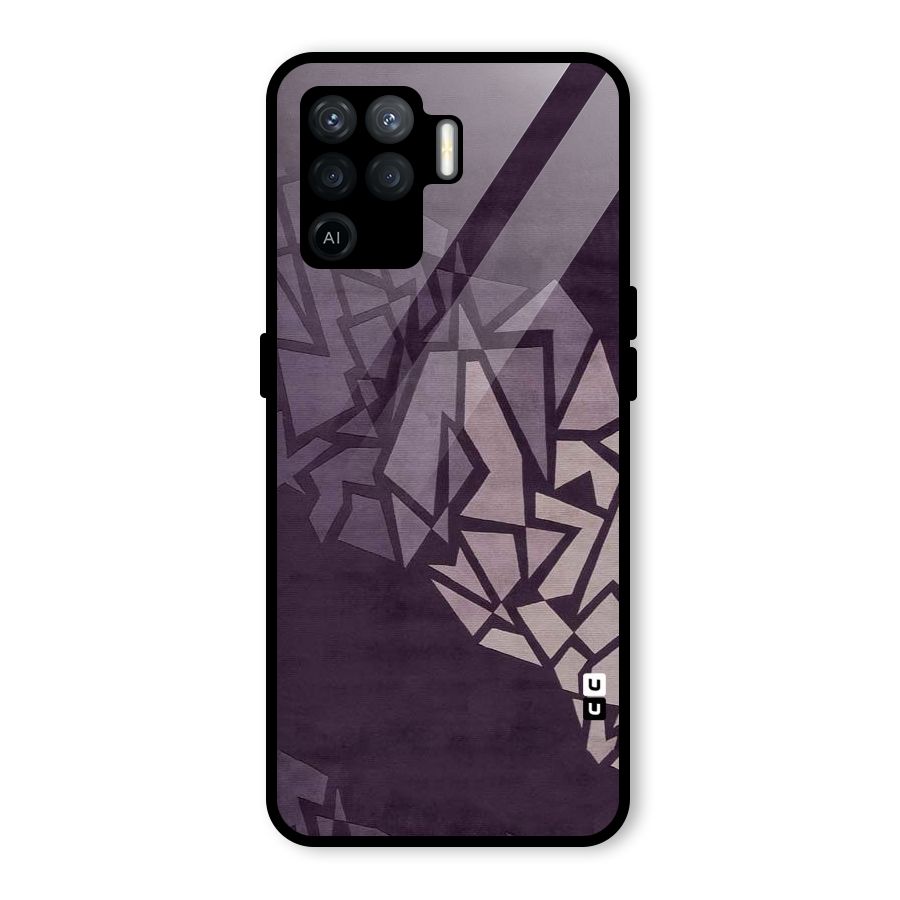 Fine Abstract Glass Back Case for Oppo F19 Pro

---

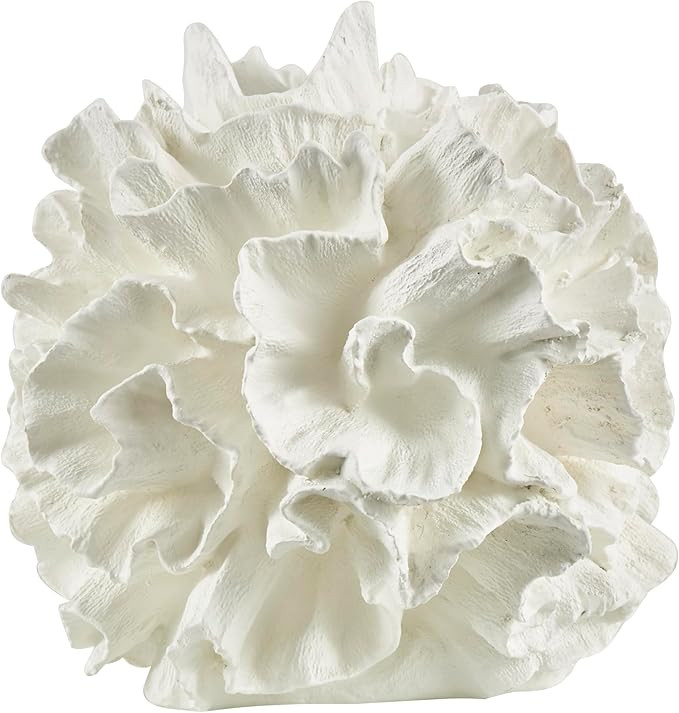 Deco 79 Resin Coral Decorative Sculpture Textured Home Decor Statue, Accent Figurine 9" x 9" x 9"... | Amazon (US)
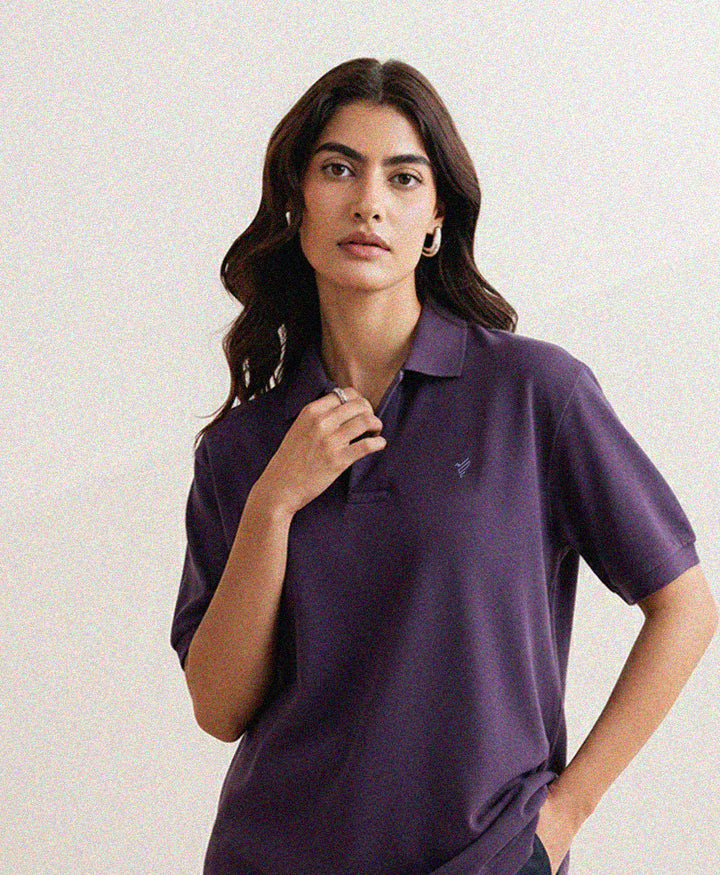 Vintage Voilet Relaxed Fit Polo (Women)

▶ [TASK DETAILS]
Give back exactly, and solely, the section of the data above bounded by the line containing "Deco 79 Resin" and the line containing "Vintage Voilet Relaxed Fit Polo (Women)", both bounding lines included and pictures omitted.

▶ [YOUR SOLUTION]
 Deco 79 Resin Coral Decorative Sculpture Textured Home Decor Statue, Accent Figurine 9" x 9" x 9"... | Amazon (US)
 Vintage Voilet Relaxed Fit Polo (Women)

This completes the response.